Postby Jean Fournell » Fri Oct 03, 2014 10:50 pm

Diane wrote:I like to contemplate that the waves in the ocean seem to move horizontally, but they really only move vertically...
The waves move horizontally, too when they are breaking.

Eihei Dôgen wrote a poem called "Zazen", which says something like this:

Steady moonlight,
calm and clear,
pervading the floods of the mind:
the waves, even as they are breaking,
turn into light.


In "Samson in New Orleans", as on all of "Popular Problems", I see Leonard Cohen on the side of the oppressed, the ones "On the bridge of misery".

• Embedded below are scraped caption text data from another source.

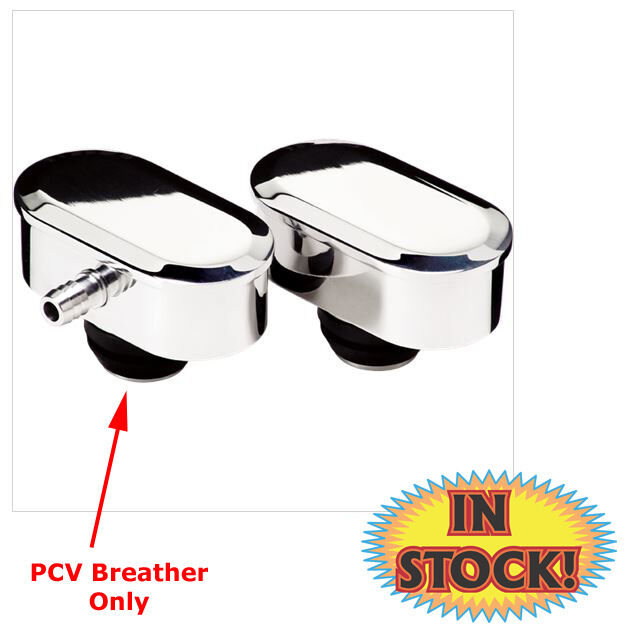Billet Specialties Polished Breather Oval Style Billet Specialties Polished Breather Oval Style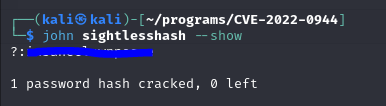 Crack the hash using JTR
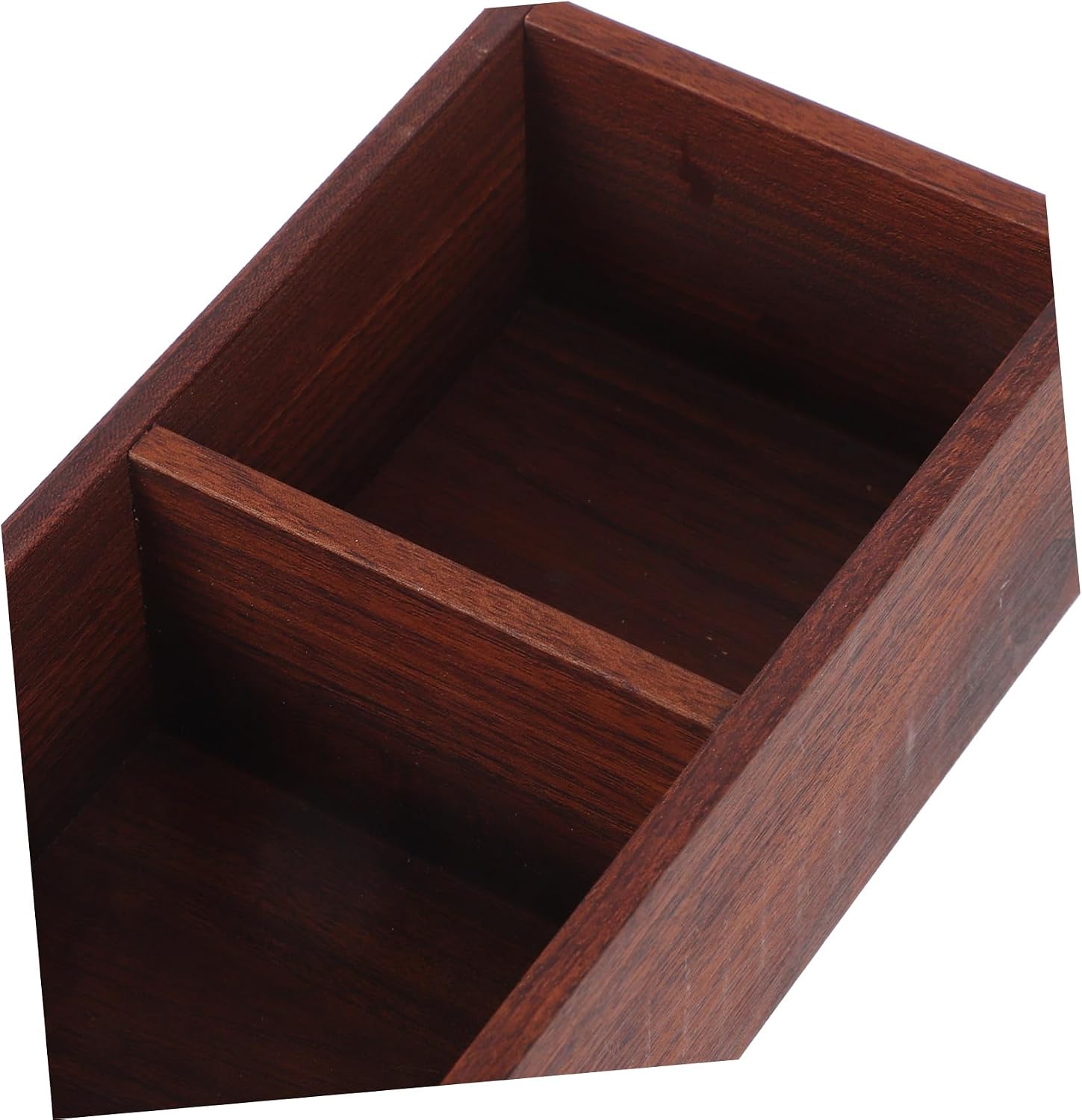 Sosoport Multi Functional Wooden Tea Bag Storage Box Tea Packet Holder and Coffee Bar Organizer for Sugar Packets Spices and More for Home and Office Countertops
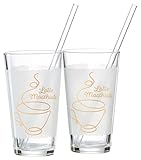 Ritzenhoff & Breker Latte Macchiato Gläser-Set Coffee, 2-teilig, Klar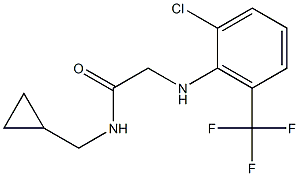 2-{[2-chloro-6-(trifluoromethyl)phenyl]amino}-N-(cyclopropylmethyl)acetamide 구조식 이미지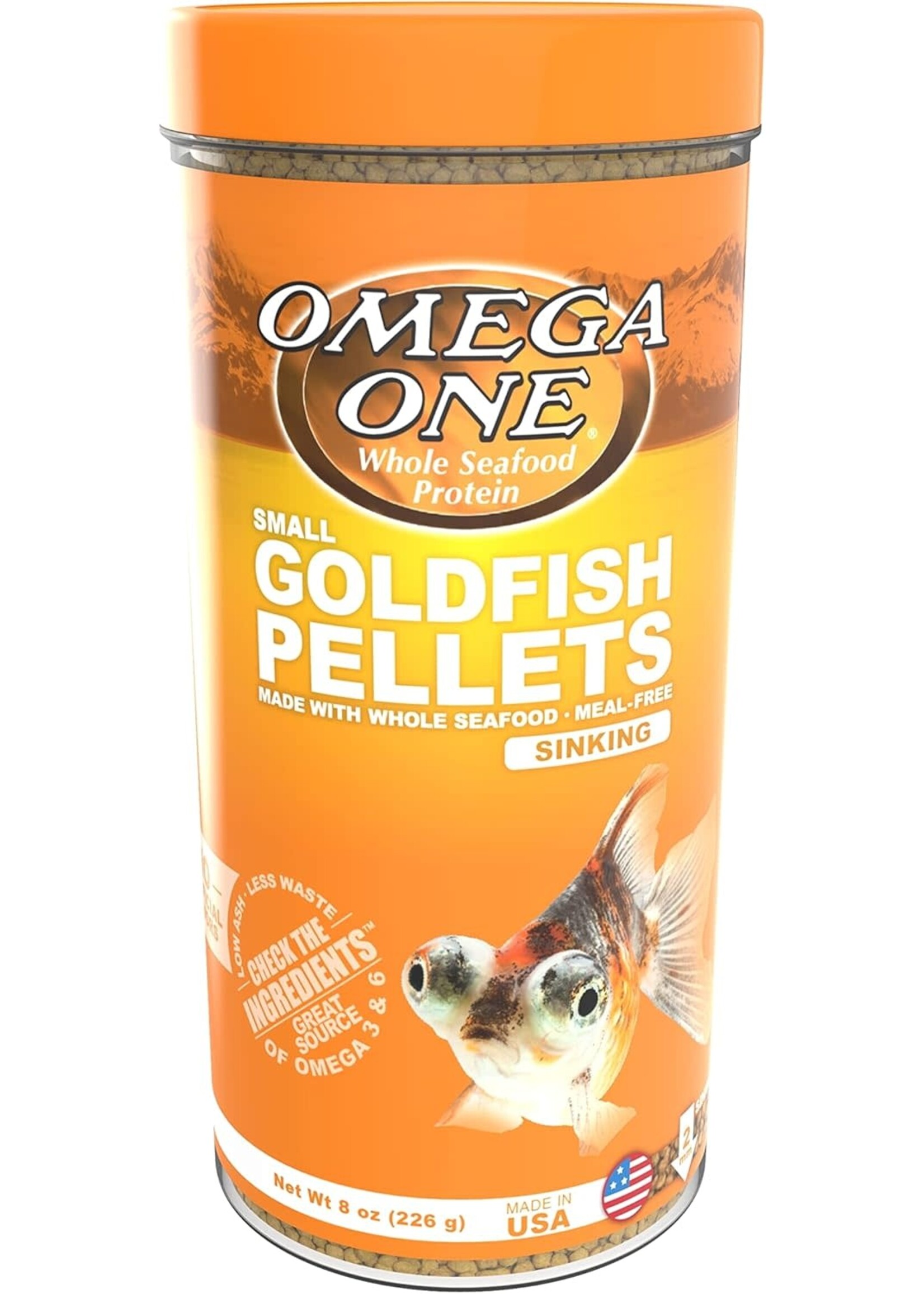 Omega One Aquatics GOLDFISH PELLET S 8 OZ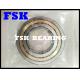 QJ 212 MPA QJ212 TVP High Speed Spindle Bearing Brass Cage / Nylon Cage , ID 60mm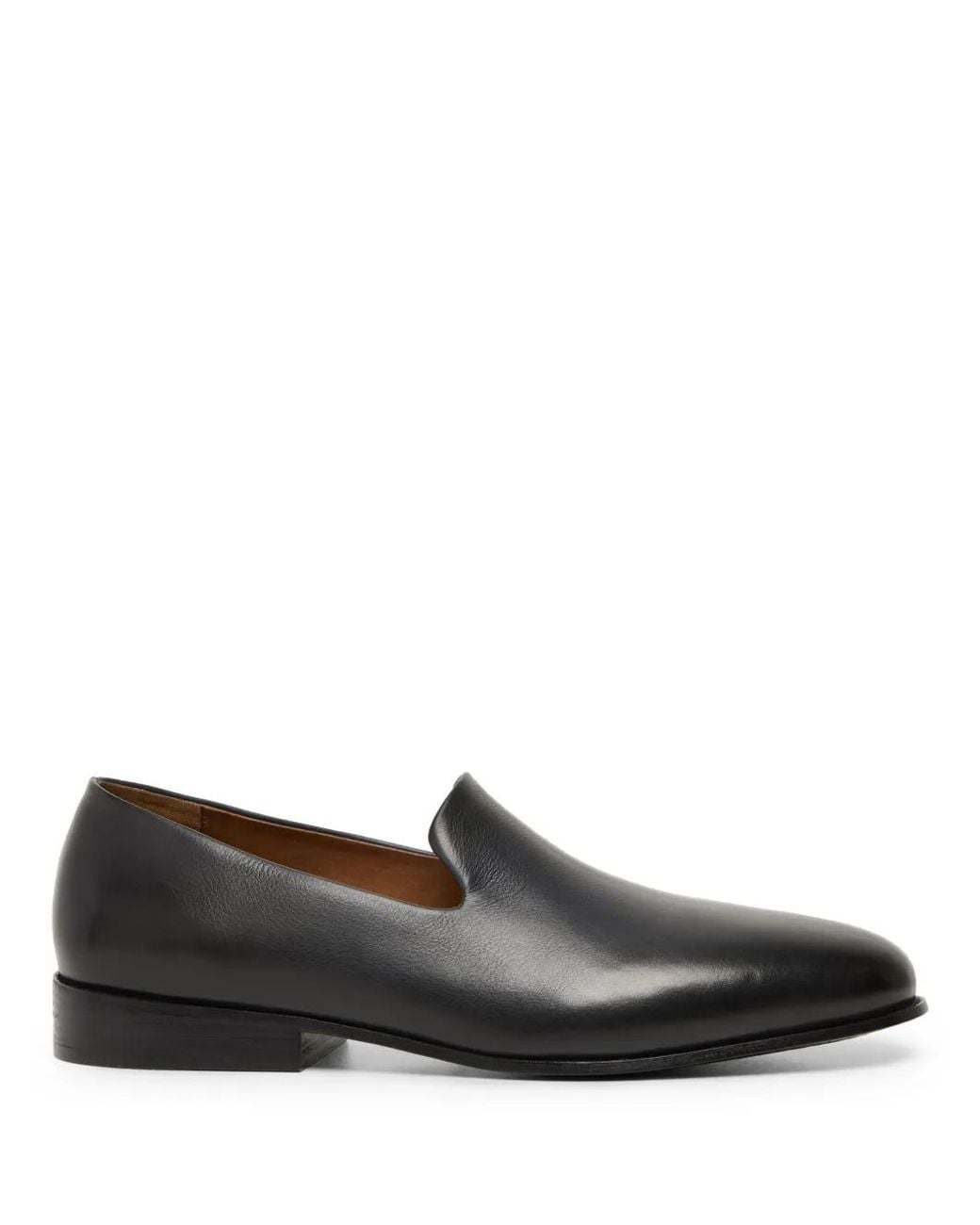 Marsèll Black Codina Almond-Toe Leather Loafers for men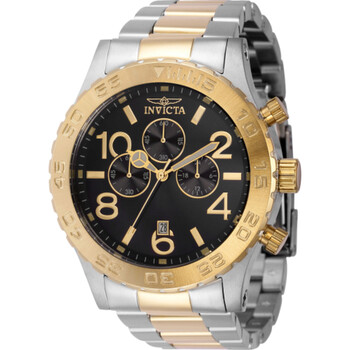 Specialty Chronograph Quartz Black Dial Watch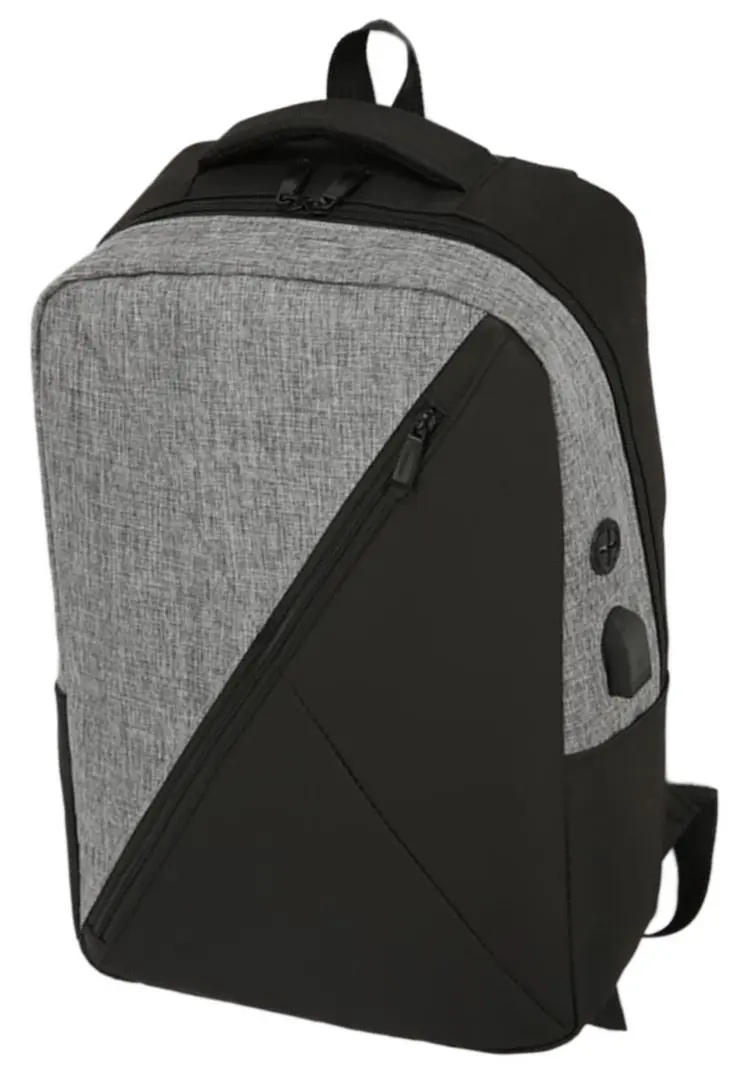 Set rucsac + geanta + borseta Aptel BQ51D (Black/Grey)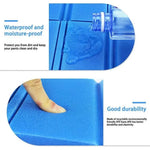 coussin camping bleu plié imperméable mousse pe pvc plissé extérieur pique nique randonnée
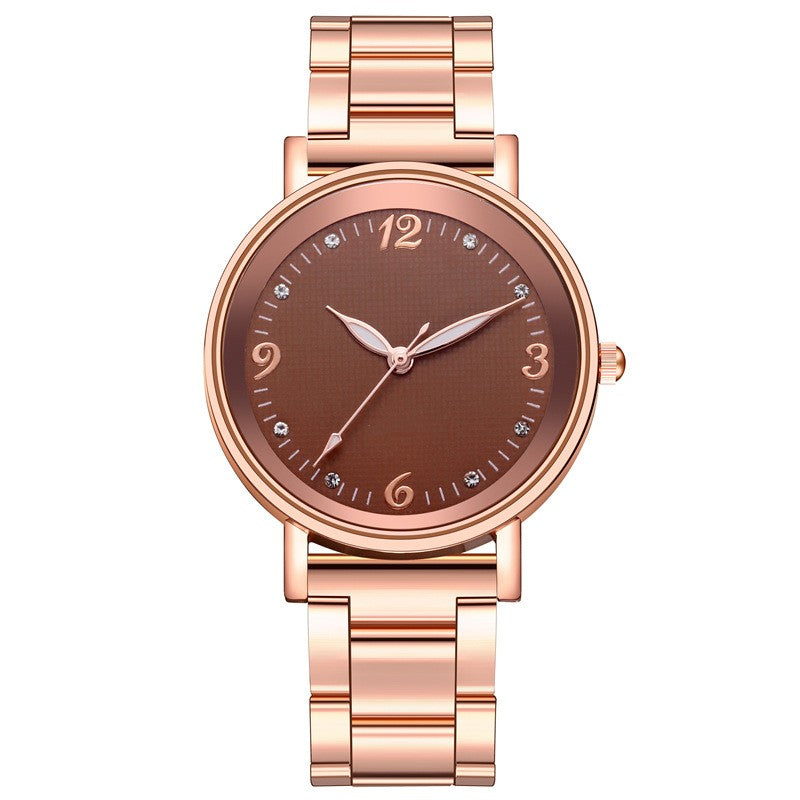 Stainless Steel Band Casual Fashion Quartz Watch - Amazhona 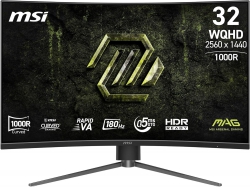 Монітор MSI 31.5" MAG 325CQPF-E18 2xHDMI, DP, Audio, VA, 2560x1440, 180Hz, 0.5ms, sRGB 111%, CURVED, AdaptiveSync, HAS 9S6-3DC14H-201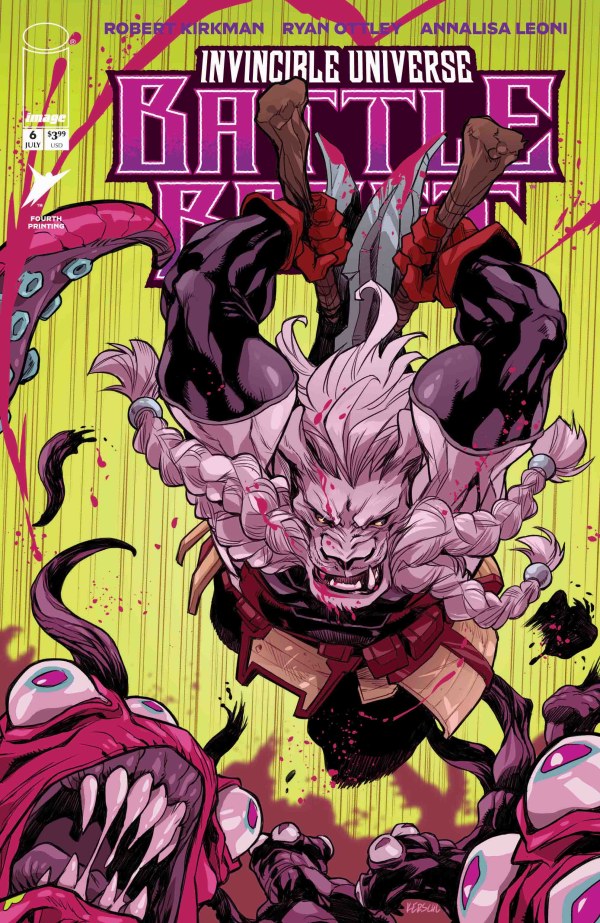 Invincible Universe: Battle Beast #6 4th Printing Karl Kerschl
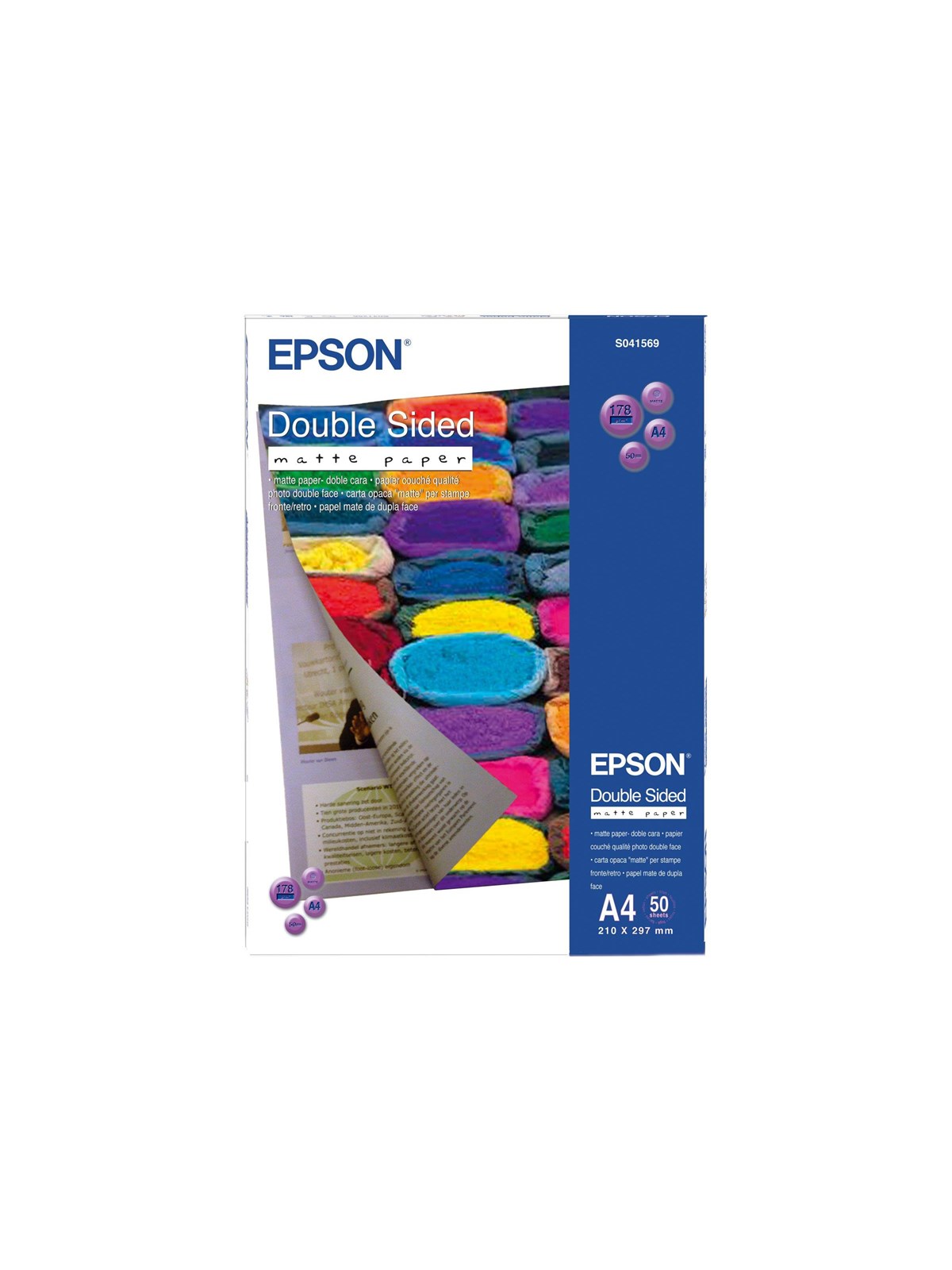 Epson Double-Sided Matte Paper, Fotopapir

The City of Gretna on the West Bank of the Mississippi River received considerable press coverage when, in the aftermath of Hurricane Katrina (late August 2005), displaced and dehydrated survivors who attempted to escape from New Orleans by walking over the Crescent City Connection bridge over the Mississippi River were turned back at gunpoint by City of Gretna Police, along with Crescent City Connection Police and Jefferson Parish Sheriff's deputies, who set up a roadblock on the bridge in the days following the hurricane.
(From Wikipedia)


And decidedly so. That does not exclude zen references, but I can't see the "housebuilder unmasked" here. Zen is zazen and samu, or, as the Roman Catholics have it, "ora et labora" (seated meditation and work or pray and work). Here I rather see Leonard Cohen at work.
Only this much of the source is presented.